Apareció su número. Se apuró a guardar el libro y le sonrió de compromiso a la mujer. Ella le respondió con un gesto mudo, un movimiento de labios que decía «suerte». Elisa se fue por el pasillo que la llevaba al consultorio.
*
Empezó de modo casual. Eran fragmentos, imágenes en su cabeza. Frases que había escuchado. De sus amigas, de personas cercanas que, por suerte, tenían el descaro de no cuidar lo que decían. «La gente pobre tiene hijos para tener algo.» «Llegado un momento, te quedás afuera, sos una paria.» Ella no era pobre, tampoco rica, pero no tenía nada suyo: seguía alquilando, vivía de un trabajo que en cualquier momento podía perder. Lo de ser una paria lo había dicho su amiga Solange hacía varios años.
Si Elisa le recordara esa frase, ella diría que no, que jamás dijo eso, que de ninguna manera. Ahora Solange también diría que se puede elegir, que no hay imposición de nada. Pero Elisa igual temía que algo de eso pudiera pasarle, quedar desfasada, que se le pasara el arroz. El problema no era si se podía elegir, sino las agujas del reloj avanzando demasiado rápido, asfixiándola. Tal vez, si pensaba fuertemente en la idea, todos los días un poco, se convencería. Nunca había planificado nada. Pero la naturaleza podía ser cruel, dejarla sola y arrepentida, como una vagabunda en la ruta. ¿Le gustaban los bebés? Para ser honesta, no le atraían demasiado. Le incomodaban esas situaciones en las que después de meses aparecía una madre primeriza en su trabajo y todos se amontonaban maravillados alrededor del carrito. No podía disimular su desconexión. Cuando sus amigas madres empezaban a hablar de sus hijos, se distraía. Coincidía con esa frase que había leído: «No hay aburrimiento como el de una mujer joven e inteligente que se pasa el día con un niño muy pequeño». Al menos ella ya no era joven.
Podía transformar ese aburrimiento en otra cosa: un bebé, rosado y con olor a algodón para ella sola, con sus ojos, la melena tupida como cuando ella era chica. Viajó al pasado, a esas fotos de su mamá con ella de bebé en sus brazos. La madre tenía veintisiete años cuando la tuvo. Le hubiera gustado vivir en otra época, más antigua, donde las cosas pasaban sin tener que pensar tanto. Recordó algo que le había dicho una bruja: «En tres años vas a entender algo». Ya había pasado ese tiempo y Elisa no sabía qué era lo que tenía que entender. «Visualizá», le había dicho después, y Elisa cerraba fuerte los ojos y no lograba ver nada.

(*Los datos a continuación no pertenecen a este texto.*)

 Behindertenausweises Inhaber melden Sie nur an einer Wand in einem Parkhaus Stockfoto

La médica le dijo que se ubicara más al borde de la camilla así podía meter mejor la sonda. Hizo lo que le pidió, sentía sus glúteos fríos casi en el aire. Miró la pantalla del ecógrafo. El interior de su útero. Un ovario y el otro. Retrocedió en el tiempo. Se recordó a sus veinte. Las veces que fue asustada a comprarse un test por un mínimo retraso. Las veces que tomó esa pastilla. Se recordó en el baño de la facultad: con una mano sostenía la puerta para que nadie entrara y con la otra el test, sus piernas haciendo equilibrio para no rozarse con nada.
—Avisame si te molesta.
—No me molesta —dijo Elisa, aunque un poco sí.

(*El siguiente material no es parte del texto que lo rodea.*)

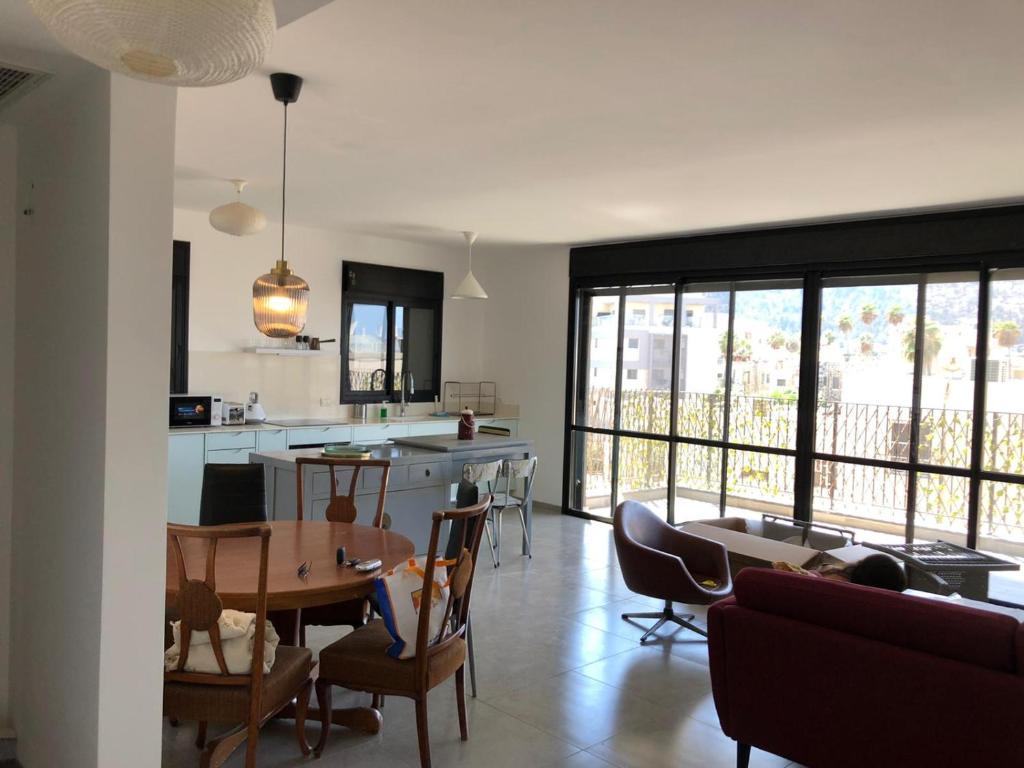 PORT CITY HAIFA - Bat Galim 20m from the beach photo 1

Pensó en su largo noviazgo con Martín. Su disciplina con las pastillas. Ella no hubiera querido. Se quedó tildada tratando de recordar si alguna vez lo habían hablado.
—Bueno, vestite.
Se puso su ropa, fue al otro lado del consultorio. La médica le explicó todo rápido. Le anotó los exámenes que tenía que hacerse: sangre, conteo de folículos, cromosomas, infecciones. La habrá visto tan aterrada que además le dio un folleto:
—Este es un anticonsejo, pero te vendría bien meterte en un grupo.
—Solo quiero saber qué opciones tengo, si congelar o no.
—Si venís con la inquietud es porque ya sabés lo que querés.
—No sé, me da miedo.
—Necesitás una red —dijo y le señaló, otra vez, el folleto.